Modern Art London 30 April to 29 May

In his fourth exhibition at the Modern Art Gallery, Nigel Cooke demonstrates his continuing preoccupation with themes of entropy and dereliction, and the difficulties of an artist trying to assess his own relation to the work he creates.

As you enter the cool, urbane gallery space, Cooke’s forbidding triptych Departure, 2009-10, whose three 220 x 195-cm panels dominate the wall opposite the gallery entrance, has an instantaneous effect, plunging the viewer into a tempestuous world of angst-ridden psychic turbulence: in contrast to the businesslike setting, this dark and desperate piece seems at once overwhelming and overdone. Its dark tones, dramatic brushstrokes and (post-)apocalyptic imagery are at once affecting and so charged with emotion that it is hard to know how to engage with the strange protagonists, stranded in desperate isolation at the start of their journey. Should we empathise with their sense of isolation from the world, or see only images of the clichéd artist-martyr struggling against forces he alone can see? The title and form of the piece are taken from a Max Beckmann painting of 1932-33, whose delivery is more straightforwardly deadpan, coming from the artist’s struggle to react to the contemporary upheavals of the burgeoning Nazi state. Yet our current society is not one which treats such ingenuous statements kindly; the gallery’s own press release suggests that we should admire the mindless valour of these creative spirits.

Empathy is perhaps easier in the second room, where the paintings have the vibrant yet menacing feel of a manic rave where people try to find a moment of ecstasy or clarity; thus In Da Club – Rapture (2010) has the woozy atmosphere of that joyous moment minutes before you stumble out and spatter your shoes in the alley behind the club, while In Da Club – Volume One (2010), with its bright daubs of light, suggests the multiple nerve janglings of the committed party animal. In this room, Cooke’s philosophers seek to revel in their isolation and seize the moment in a bid for cosmic understanding, and this search for something better (or at least more fun) is more comprehensible perhaps than the wild wonderings of the hermit-like figures in the first room. The violent swirlings of the outside are here internalised, in the ambiguous stance of the man in Volume One: he is no longer sure whether to fight the world or embrace it – is he hurling the stone, or dancing with it?

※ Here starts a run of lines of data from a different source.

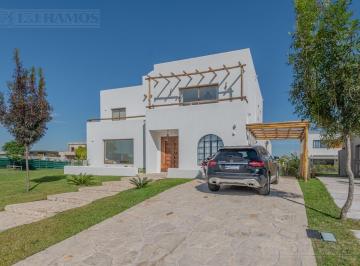 Casa · 242m² · 5 Ambientes · Casa en Alquiler Anual Amoblada, Barrio Riberas Puertos / Escobar
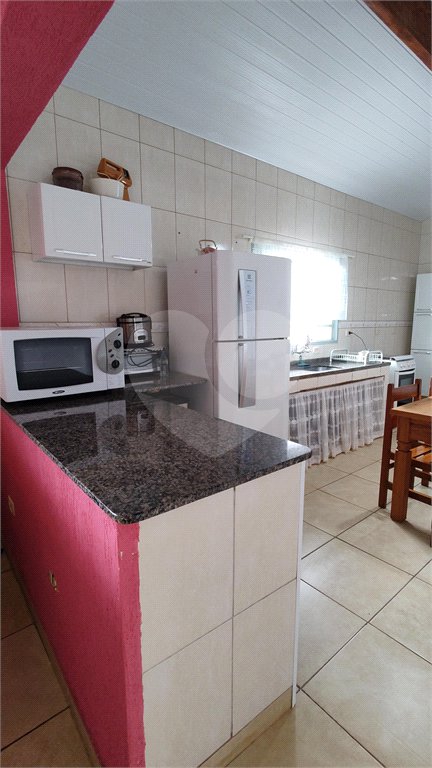 Casa à venda com 3 quartos, sendo 1 suíte, em Vila Santa Helena, Atibaia, SP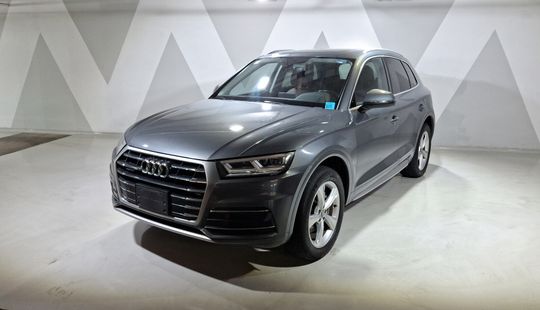 Audi • Q5
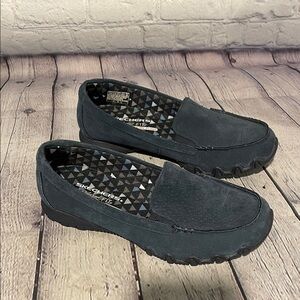 Skechers women’s Suede navy loafers Sz 7.5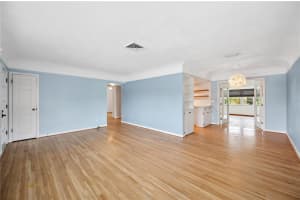 2734 SOUTHINGTON AVENUE, LAKELAND, FL 33803 Sold 08/25/25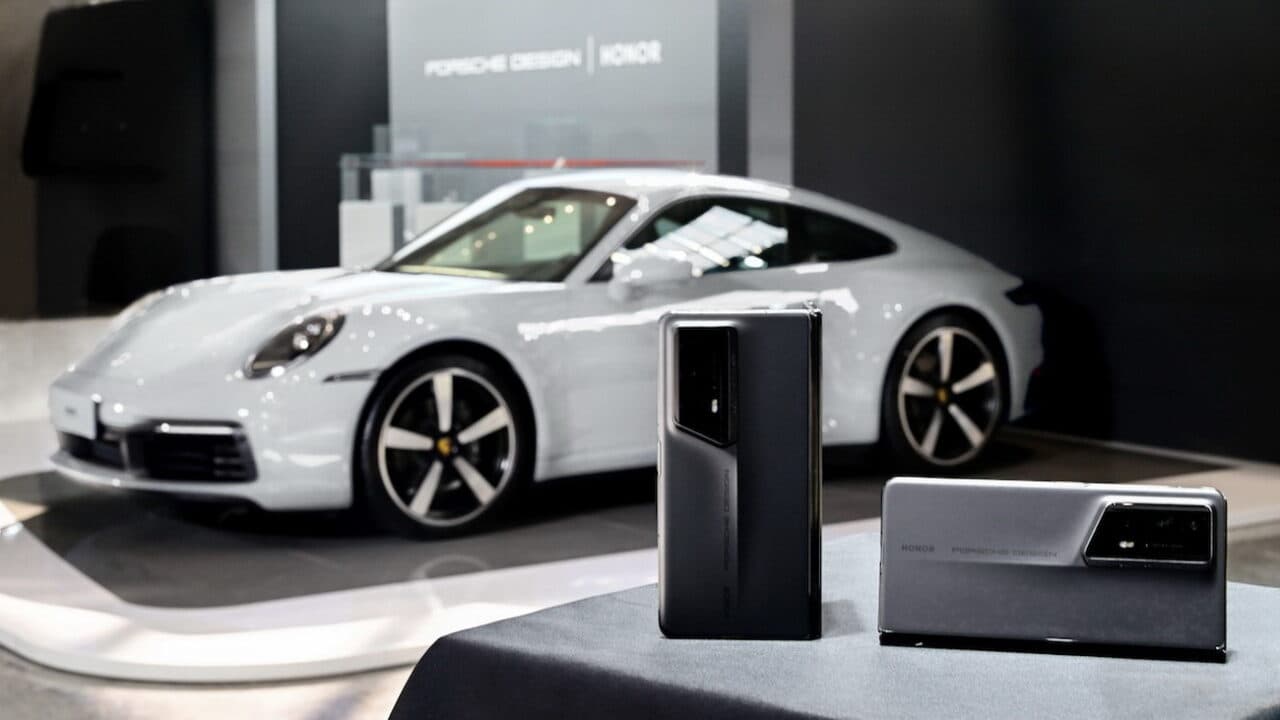 Και το ultra premium Honor Magic V2 RSR Porsche Design στην Ευρώπη, για λίγους και εκλεκτούς - porsche design honor magic v2 rsr 6 1705910228 - TechWar.GR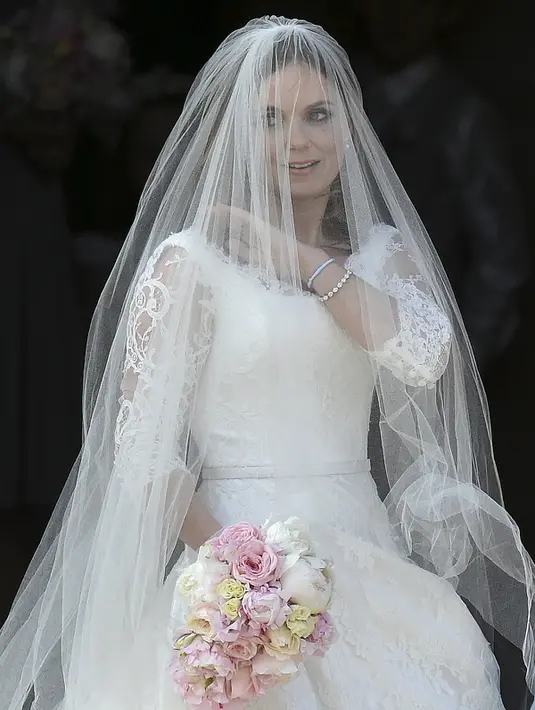 Geri Halliwell, eks personel Spice Girls, terlihat cantik dengan gaun yang disebut terinspirasi dari Kate Middleton, saat menikah dengan Christian Horner, seorang bos F1, di gereja St. Mary di Berdfordshire, Inggris, Jumat (15/5/2015) (REUTERS/Toby Melvi)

Cooke’s characteristic blending of technical mastery with base themes and materials is in evidence throughout the thirteen canvases on display. One is constantly reminded of his painterly background and his fascination with the themes of painting’s history: in the delicate brushwork of the bottle in Rapture, reminiscent of a Flemish still life; or the grand themes which permeate the works. At the same time, the neon spray paint, comically reddened noses, and the recurring character, who Cooke describes as an ‘avuncular, paternal, fluffy, bearded old guy’ deflate these soaring aspirations of the past.

On leaving the show, the last painting by the doorway is Chef on Dung Mountain (2010), which, despite the man’s slumped posture, seems to draw in the breeze which ruffles his luxuriant beard from the window beside it, blowing away a little of the rank entropic influence of the other canvases, and as you step into the street, these impressions of sinister separation and desperate collapse begin to fade, leaving behind only the impression of a knowing artist pricking the inflated dreams of the past.